◆ **About this exercise**
Omit the pictures, and output the rest of the entries exactly as written.
--- START ---
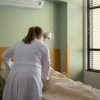 a physician in a white coat caring for a patient in a hospital bed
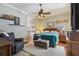 Spacious main bedroom with a ceiling fan, wood floors, and access to the bathroom at 1254 Magnolia Farms Ct, Eustis, FL 32726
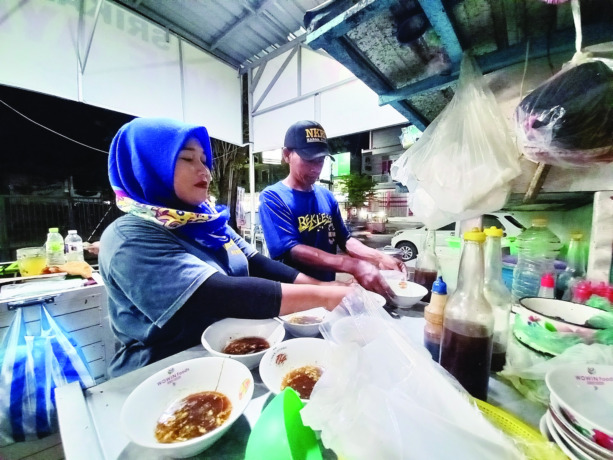 JAGA KUALITAS RASA: Gunawi (kanan) dan rekannya menyiapkan pesanan pelanggan di warung mi ayam Srikandi kemarin malam. Warung mi ayam di Kertosono ini telah berdiri sejak tahun 1992. (Foto: Andhika Attar)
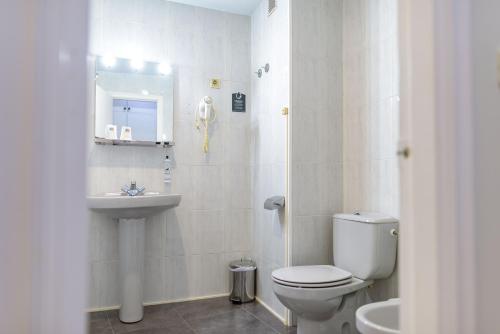 a white bathroom with a toilet and a sink at Hotel Alda Ribeira in Ribeira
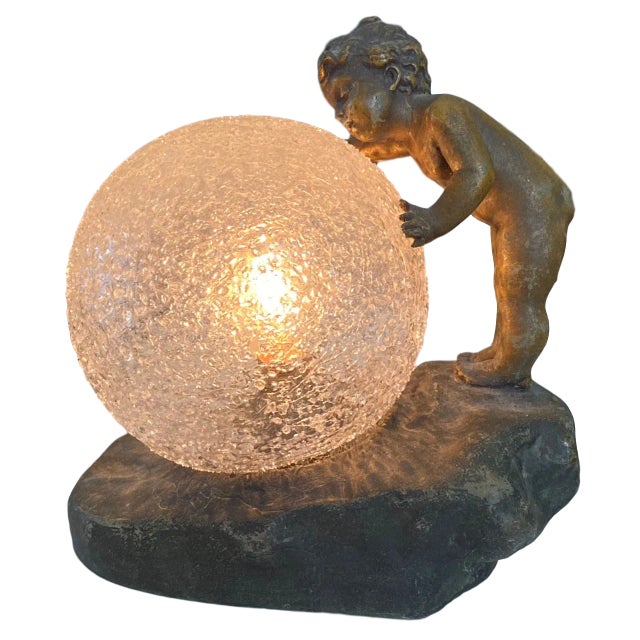 Baby Bubble lamp, cast bronze in the manner of Aristide de Ranieri. Naked toddler fascinated by a crystal bubble or...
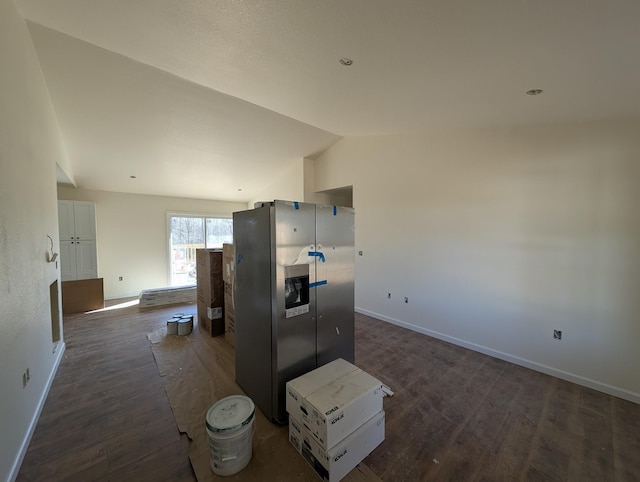 kitchen featuring dark wood-style flooring, baseboards, white cabinets, vaulted ceiling, and stainless steel fridge with ice dispenser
--- END ---
◆ **Your response**
 a physician in a white coat caring for a patient in a hospital bed
 Spacious main bedroom with a ceiling fan, wood floors, and access to the bathroom at 1254 Magnolia Farms Ct, Eustis, FL 32726
 JAGA KUALITAS RASA: Gunawi (kanan) dan rekannya menyiapkan pesanan pelanggan di warung mi ayam Srikandi kemarin malam. Warung mi ayam di Kertosono ini telah berdiri sejak tahun 1992. (Foto: Andhika Attar)
 a white bathroom with a toilet and a sink at Hotel Alda Ribeira in Ribeira
 Baby Bubble lamp, cast bronze in the manner of Aristide de Ranieri. Naked toddler fascinated by a crystal bubble or...
 kitchen featuring dark wood-style flooring, baseboards, white cabinets, vaulted ceiling, and stainless steel fridge with ice dispenser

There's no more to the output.